- [PROMPT]
What is needed is a copy of each line in the listing below that contains "chatting".
################
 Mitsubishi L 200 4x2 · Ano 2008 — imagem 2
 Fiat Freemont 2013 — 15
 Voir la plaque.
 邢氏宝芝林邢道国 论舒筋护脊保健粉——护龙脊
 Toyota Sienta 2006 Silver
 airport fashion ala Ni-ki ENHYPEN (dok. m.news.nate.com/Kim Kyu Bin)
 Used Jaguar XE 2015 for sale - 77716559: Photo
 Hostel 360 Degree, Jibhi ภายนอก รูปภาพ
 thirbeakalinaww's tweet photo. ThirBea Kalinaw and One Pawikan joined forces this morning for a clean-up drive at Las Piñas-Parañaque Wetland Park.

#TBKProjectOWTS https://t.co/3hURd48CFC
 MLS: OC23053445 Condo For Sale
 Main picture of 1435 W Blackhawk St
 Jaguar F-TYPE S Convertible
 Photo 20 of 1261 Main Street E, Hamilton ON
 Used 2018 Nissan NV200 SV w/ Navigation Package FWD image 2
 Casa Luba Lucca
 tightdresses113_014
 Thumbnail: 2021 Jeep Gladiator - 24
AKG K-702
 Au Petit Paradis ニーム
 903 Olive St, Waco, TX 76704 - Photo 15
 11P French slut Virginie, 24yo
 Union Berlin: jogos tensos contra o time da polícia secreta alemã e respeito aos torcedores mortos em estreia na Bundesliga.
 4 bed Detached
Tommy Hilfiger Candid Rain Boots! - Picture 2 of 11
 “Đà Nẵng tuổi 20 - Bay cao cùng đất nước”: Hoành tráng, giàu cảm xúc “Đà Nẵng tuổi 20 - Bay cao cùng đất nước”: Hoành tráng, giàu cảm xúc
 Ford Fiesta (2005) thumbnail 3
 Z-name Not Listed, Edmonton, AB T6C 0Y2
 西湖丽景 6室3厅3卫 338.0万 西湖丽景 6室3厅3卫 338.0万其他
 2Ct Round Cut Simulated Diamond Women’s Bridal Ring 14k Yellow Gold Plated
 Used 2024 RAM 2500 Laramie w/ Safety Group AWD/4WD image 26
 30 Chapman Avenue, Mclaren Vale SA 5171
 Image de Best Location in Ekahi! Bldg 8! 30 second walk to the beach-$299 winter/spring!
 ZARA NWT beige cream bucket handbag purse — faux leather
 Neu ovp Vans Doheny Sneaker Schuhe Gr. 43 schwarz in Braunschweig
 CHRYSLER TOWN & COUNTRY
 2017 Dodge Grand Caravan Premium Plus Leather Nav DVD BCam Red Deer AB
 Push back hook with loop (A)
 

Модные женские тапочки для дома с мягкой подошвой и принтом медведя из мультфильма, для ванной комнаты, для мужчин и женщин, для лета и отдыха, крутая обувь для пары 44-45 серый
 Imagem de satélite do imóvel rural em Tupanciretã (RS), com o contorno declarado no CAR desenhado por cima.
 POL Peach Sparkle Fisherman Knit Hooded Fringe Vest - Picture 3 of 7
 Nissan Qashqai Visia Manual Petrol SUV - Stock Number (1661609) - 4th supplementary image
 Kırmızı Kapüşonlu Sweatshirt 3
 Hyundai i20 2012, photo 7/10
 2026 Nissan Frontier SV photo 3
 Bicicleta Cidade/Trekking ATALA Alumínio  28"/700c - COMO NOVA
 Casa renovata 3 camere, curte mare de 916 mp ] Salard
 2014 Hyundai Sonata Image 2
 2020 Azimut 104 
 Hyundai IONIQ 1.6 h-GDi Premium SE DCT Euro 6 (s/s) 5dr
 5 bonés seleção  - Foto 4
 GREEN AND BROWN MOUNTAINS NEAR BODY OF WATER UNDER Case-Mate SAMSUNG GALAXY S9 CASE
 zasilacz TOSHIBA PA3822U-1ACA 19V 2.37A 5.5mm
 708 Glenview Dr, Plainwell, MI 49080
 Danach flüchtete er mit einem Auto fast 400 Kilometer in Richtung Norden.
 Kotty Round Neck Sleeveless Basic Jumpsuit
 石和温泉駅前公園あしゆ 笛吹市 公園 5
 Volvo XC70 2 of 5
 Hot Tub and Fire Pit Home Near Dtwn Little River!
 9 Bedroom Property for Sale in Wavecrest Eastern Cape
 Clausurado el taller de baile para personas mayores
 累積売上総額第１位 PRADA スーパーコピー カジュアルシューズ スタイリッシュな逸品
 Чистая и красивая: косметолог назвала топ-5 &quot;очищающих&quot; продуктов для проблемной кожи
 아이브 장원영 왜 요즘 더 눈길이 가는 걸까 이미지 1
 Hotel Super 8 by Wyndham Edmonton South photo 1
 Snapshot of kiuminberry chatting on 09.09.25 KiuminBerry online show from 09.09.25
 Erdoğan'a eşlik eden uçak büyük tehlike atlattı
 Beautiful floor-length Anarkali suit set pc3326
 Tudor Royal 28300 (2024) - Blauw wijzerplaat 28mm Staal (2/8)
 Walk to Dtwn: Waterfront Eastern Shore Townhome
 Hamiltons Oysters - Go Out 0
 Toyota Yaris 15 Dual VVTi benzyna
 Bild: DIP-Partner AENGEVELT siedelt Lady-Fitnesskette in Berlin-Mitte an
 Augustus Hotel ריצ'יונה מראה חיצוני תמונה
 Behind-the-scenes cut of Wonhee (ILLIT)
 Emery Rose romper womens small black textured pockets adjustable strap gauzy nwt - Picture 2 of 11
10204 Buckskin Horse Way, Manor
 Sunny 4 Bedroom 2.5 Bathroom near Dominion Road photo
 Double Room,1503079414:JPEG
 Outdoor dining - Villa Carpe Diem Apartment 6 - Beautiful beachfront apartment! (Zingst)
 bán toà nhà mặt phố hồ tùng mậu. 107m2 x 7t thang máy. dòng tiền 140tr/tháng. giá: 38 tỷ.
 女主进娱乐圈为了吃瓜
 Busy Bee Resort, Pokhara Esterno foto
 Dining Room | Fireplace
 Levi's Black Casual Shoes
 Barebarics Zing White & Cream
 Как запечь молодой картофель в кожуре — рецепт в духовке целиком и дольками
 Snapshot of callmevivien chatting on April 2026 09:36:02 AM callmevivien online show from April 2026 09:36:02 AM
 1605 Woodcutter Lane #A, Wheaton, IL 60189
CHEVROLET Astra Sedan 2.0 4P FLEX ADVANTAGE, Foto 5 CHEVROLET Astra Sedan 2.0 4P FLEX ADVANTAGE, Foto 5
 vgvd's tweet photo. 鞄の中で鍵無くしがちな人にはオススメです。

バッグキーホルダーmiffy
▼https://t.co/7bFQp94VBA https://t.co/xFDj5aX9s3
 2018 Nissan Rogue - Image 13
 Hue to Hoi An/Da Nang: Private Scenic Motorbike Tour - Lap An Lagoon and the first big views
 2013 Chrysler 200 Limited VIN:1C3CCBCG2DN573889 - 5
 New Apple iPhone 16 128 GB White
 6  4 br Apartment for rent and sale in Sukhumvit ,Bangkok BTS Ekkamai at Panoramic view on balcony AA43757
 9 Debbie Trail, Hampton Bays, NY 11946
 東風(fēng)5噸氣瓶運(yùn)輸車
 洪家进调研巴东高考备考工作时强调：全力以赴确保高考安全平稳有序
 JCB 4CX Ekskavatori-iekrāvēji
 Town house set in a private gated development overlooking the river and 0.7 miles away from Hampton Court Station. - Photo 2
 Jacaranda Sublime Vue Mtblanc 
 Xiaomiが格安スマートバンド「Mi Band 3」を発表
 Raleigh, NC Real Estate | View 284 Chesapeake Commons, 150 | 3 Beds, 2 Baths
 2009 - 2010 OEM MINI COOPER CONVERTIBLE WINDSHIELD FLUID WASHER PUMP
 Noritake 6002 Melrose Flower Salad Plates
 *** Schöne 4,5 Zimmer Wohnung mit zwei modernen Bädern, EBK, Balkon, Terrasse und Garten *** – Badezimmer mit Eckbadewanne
################
- [REPLY TO THE TASK]
 Snapshot of kiuminberry chatting on 09.09.25 KiuminBerry online show from 09.09.25
 Snapshot of callmevivien chatting on April 2026 09:36:02 AM callmevivien online show from April 2026 09:36:02 AM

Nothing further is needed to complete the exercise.